Ni le docteur ni Thérèse ne rient de ma plaisanterie. Il faut qu’ils ne l’aient pas comprise.

Le docteur s’en va, le jour tombe, et des ombres de toutes sortes se forment et se dissipent comme des nuages dans les plis de mes rideaux. Des ombres passent en foule devant moi; à travers elles je vois la face immobile de ma fidèle servante. Tout à coup un cri, un cri aigu, un cri de détresse me déchire les oreilles. Est-ce vous, Jeanne, qui m’appelez?
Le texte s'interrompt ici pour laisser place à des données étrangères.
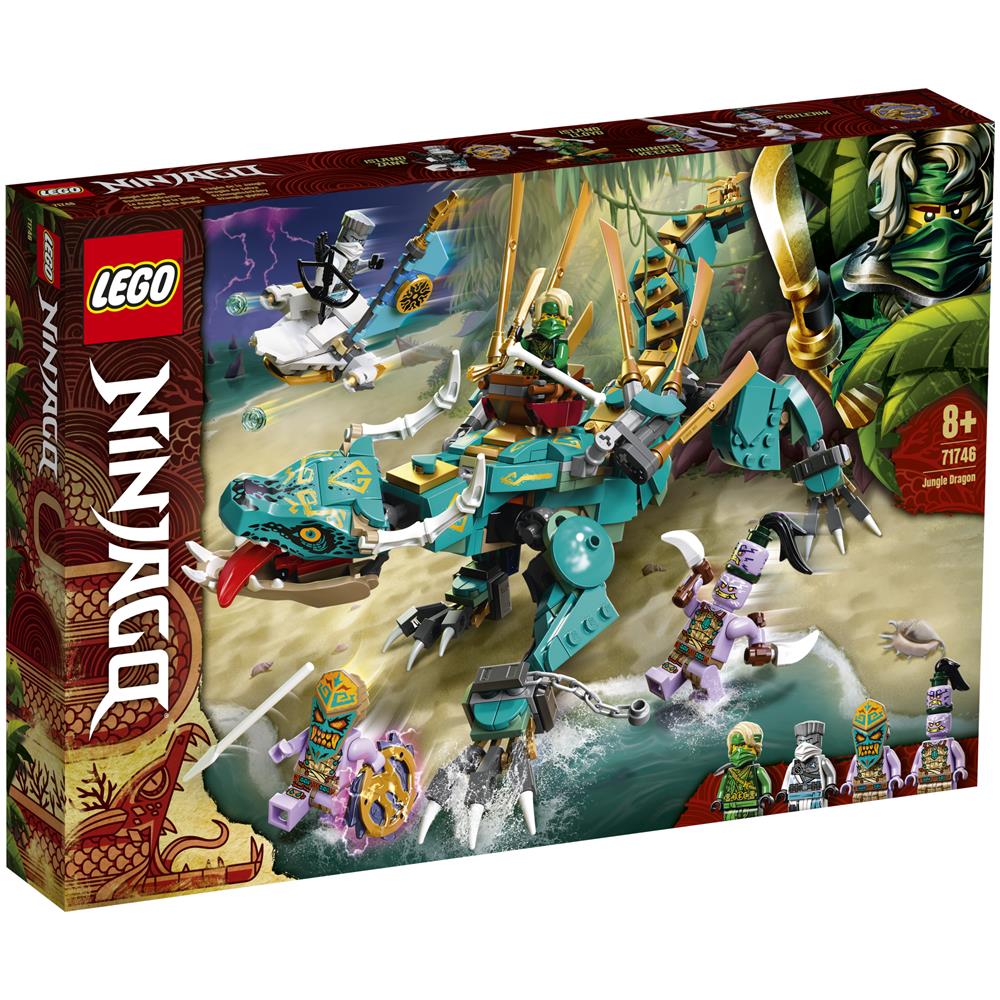 Ninjago 71746 - Dragone Della Giungla - Foto 1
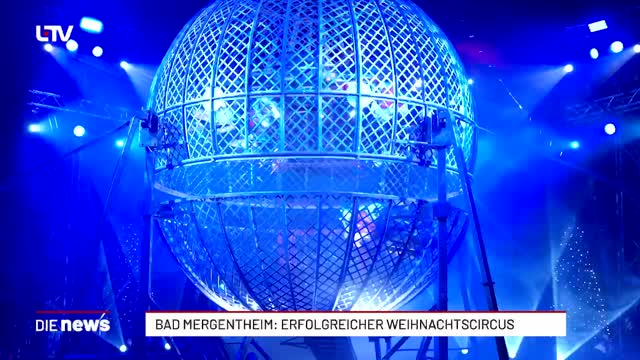 Bad Mergentheim: Erfolgreicher Weihnachtscircus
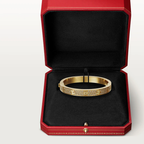 [Shinejoy] BRACELET LOVE 6,1 MM PALLIÉ DE DIAMANTS 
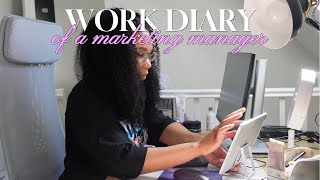 Day in the life of a marketing manager in finance [upl. by Natsrik]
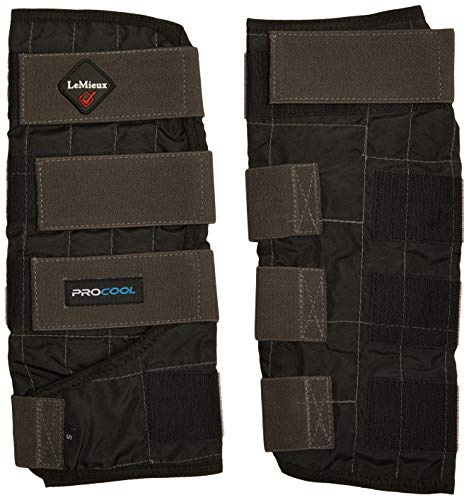 LeMieux Black Cold Water Therapy Horse Boots - Protective Gear and Training Equipment - Equine Boots, Wraps & Accessories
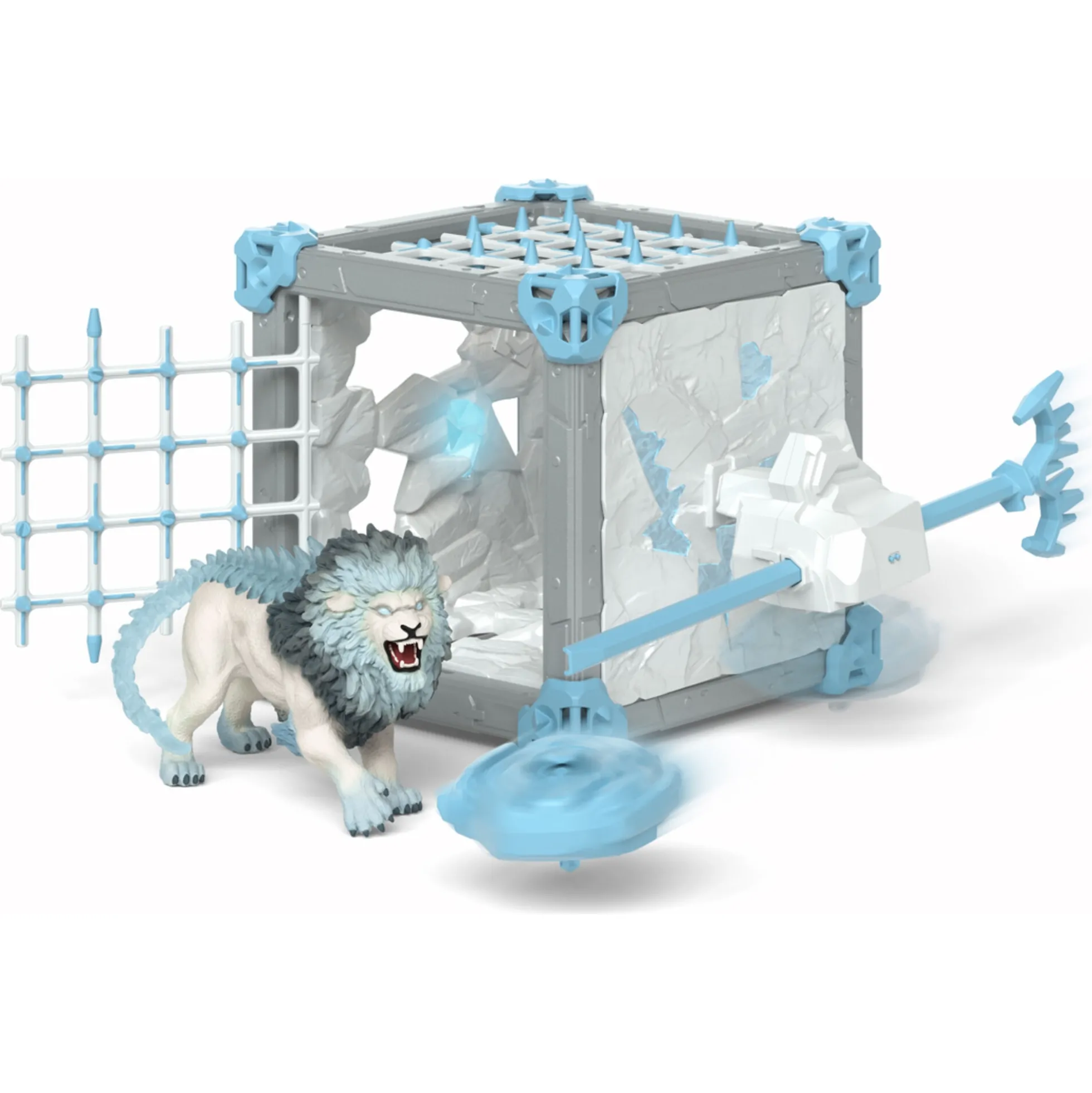 BattleCave Isløve - 42766 - Schleich Eldrador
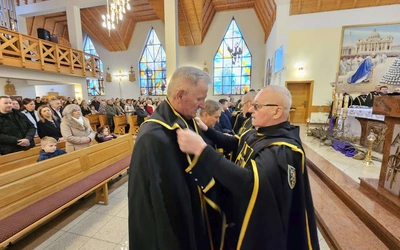Nowa chorągiew w Rajbrocie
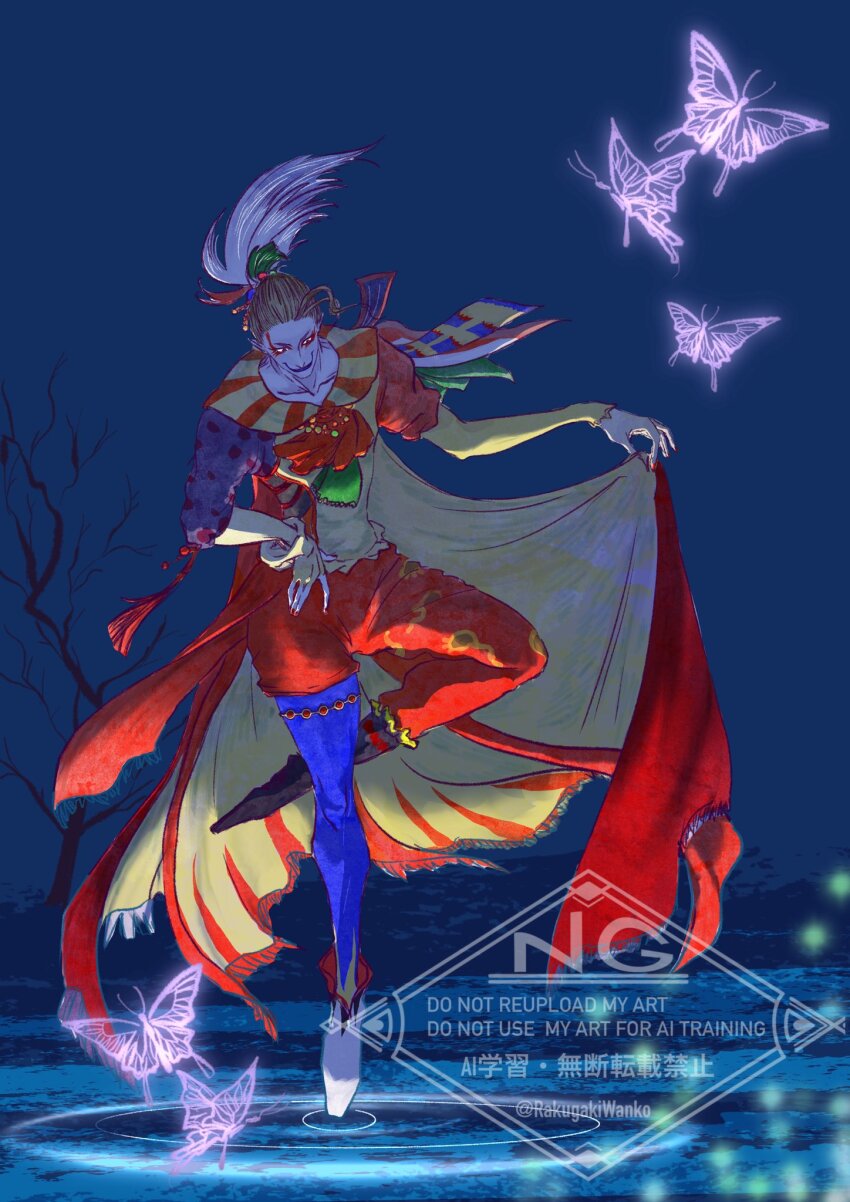 Cefca Palazzo (Final Fantasy) Rule 34 Image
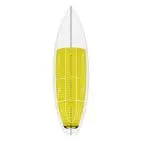 surfdek_9_piece_full_deck_pad_canary_yellow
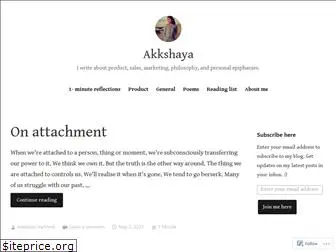 akkshaya.blog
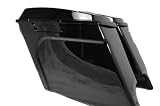 Mutazu 283900008 4" Extended Stretched Harley Hard Saddlebags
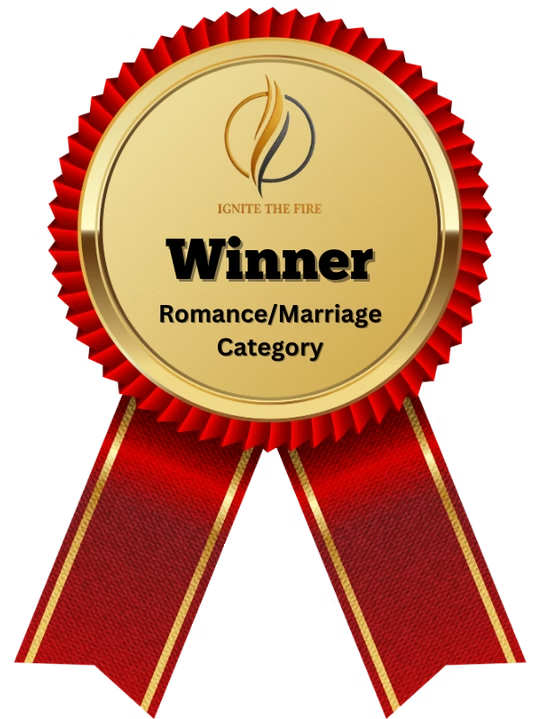 Ignite the Fire award ribbon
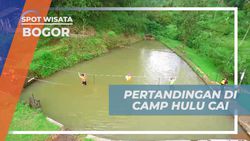 Mengikuti Pertandingan Seru di Camp Hulu Cai, Bogor  
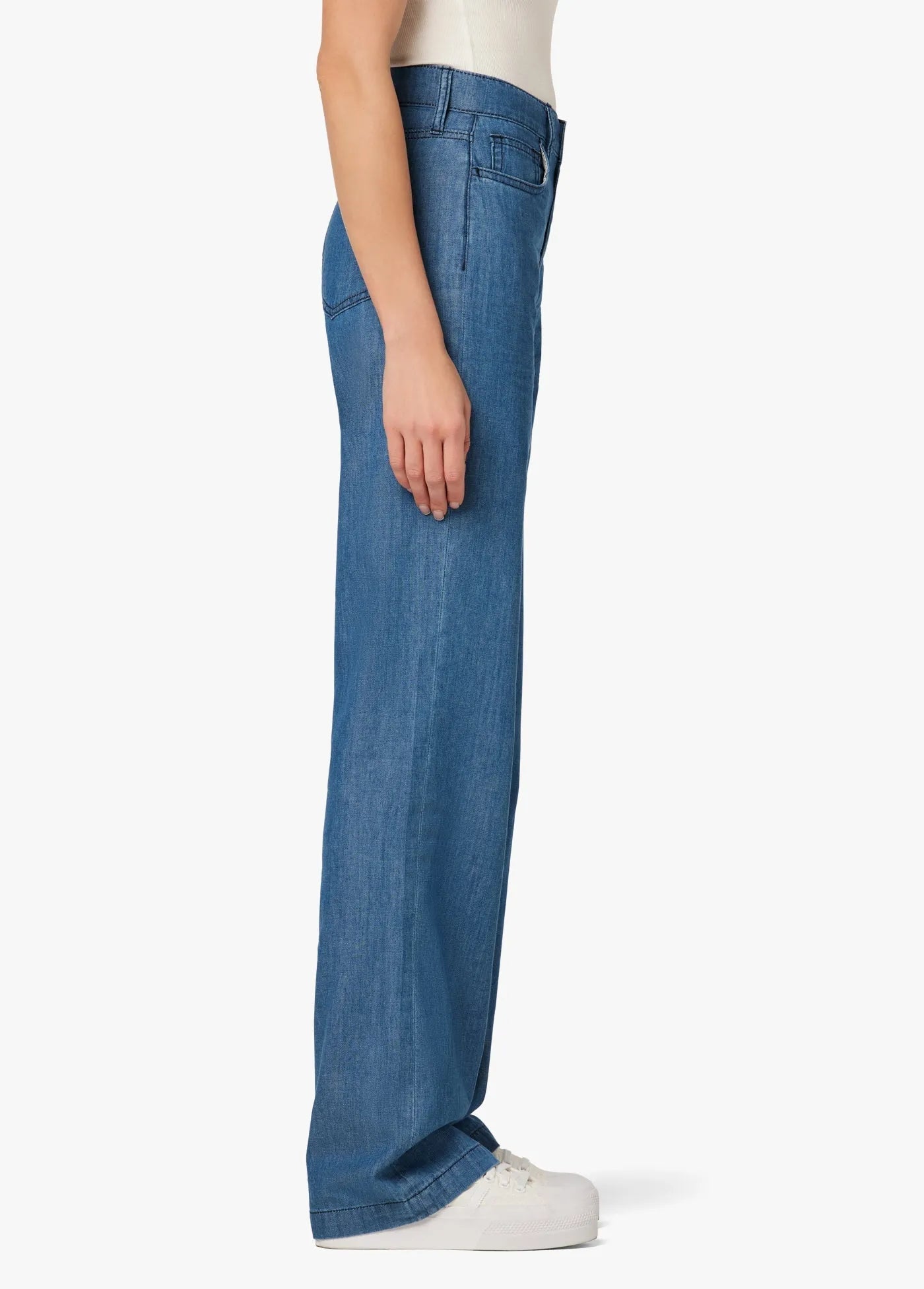 CHAMBRAY HIGH RISE WIDE LEG - JOE´S JEANS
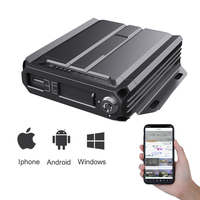 DVR Mobile pour véhicule 4CH 1080P CCTV en temps réel H.264 4CH 720P kit DVR de véhicule Mobile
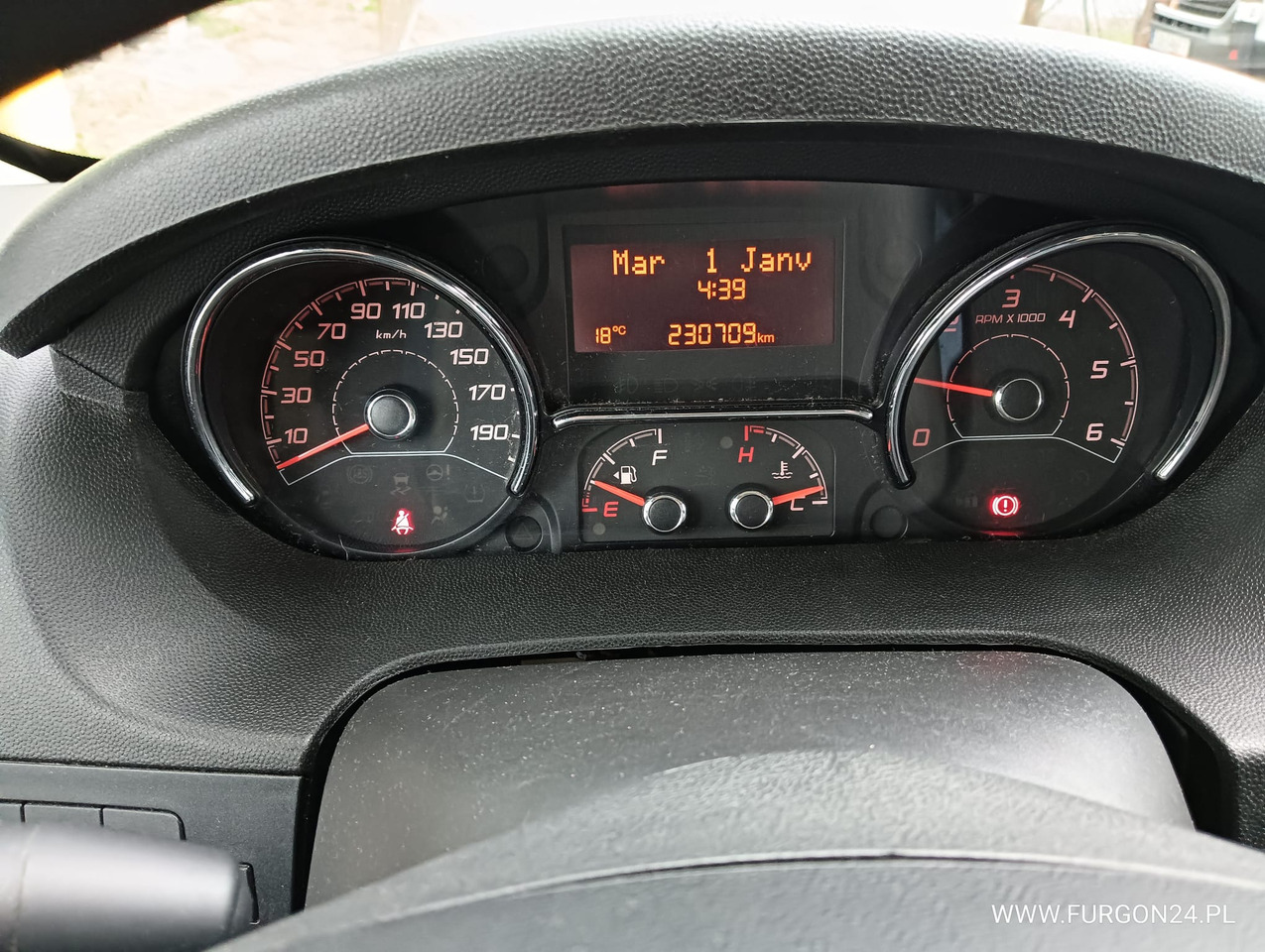 Dostavno vozilo z zabojnikom FIAT DUCATO KONTENER WINDA NR 886: slika 13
Le jour est tombé, et les ombres s’installent à mon chevet pour toute la longue nuit.

À l’aube, je sens une paix, une paix immense m’envelopper tout entier. Est-ce votre sein que vous m’ouvrez, Seigneur mon Dieu?

Février 1876.

Le docteur est tout à fait jovial. Il paraît que je lui fais beaucoup d’honneur en me tenant debout. À l’entendre, des maux sans nombre ont fondu ensemble sur mon vieux corps.

Ces maux, effroi de l’homme, ont des noms, effroi du philologue. Ce sont des noms hybrides, mi-grecs, mi-latins, avec des désinences en ite indiquant l’état inflammatoire, et en algie exprimant la douleur. Le docteur me les débite avec un nombre suffisant d’adjectifs en ique destinés à en caractériser la détestable qualité. Bref une bonne colonne du Dictionnaire de médecine.

– Touchez là, docteur. Vous m’avez rendu à la vie, je vous pardonne. Vous m’avez rendu à mes amis, je vous en remercie. Je suis solide, dites-vous. Sans doute, sans doute; mais j’ai beaucoup duré. Je suis un vieux meuble fort comparable au fauteuil de mon père. C’était un fauteuil que cet homme de bien tenait d’héritage et dans lequel il s’asseyait du matin au soir. Vingt fois le jour, je me perchais, en bambin que j’étais, sur le bras de ce siège antique. Tant qu’il tint bon, on n’y prit point garde. Mais il se mit à boiter d’un pied, et on commença à dire que c’était un bon fauteuil. Il boita ensuite de trois pieds, grinça du quatrième et devint presque manchot des deux bras. C’est alors qu’on s’écria: «Quel solide fauteuil!» On admirait que, n’ayant pas un bras vaillant et pas une jambe d’aplomb, il gardât figure de fauteuil, se tînt à peu près debout et fît encore quelque service. Le crin lui sortit du corps, il rendit l’âme. Et quand Cyprien, notre domestique, lui scia les membres pour le mettre au bûcher, les cris d’admiration redoublèrent: «L’excellent, le merveilleux fauteuil! Il fut à l’usage de Pierre-Sylvestre Bonnard, marchand drapier, d’Épiménide Bonnard, son fils, et de Jean-Baptiste Bonnard, chef de la 3e division maritime et philosophe pyrrhonien. Quel vénérable et robuste fauteuil!» En réalité c’était un fauteuil mort. Eh bien! docteur, je suis ce fauteuil. Vous me jugez solide parce que j’ai résisté à des assauts qui auraient tué tout à fait bon nombre de gens et qui ne m’ont tué, moi, qu’aux trois quarts. Grand merci. Je n’en suis pas moins quelque chose d’irrémédiablement avarié.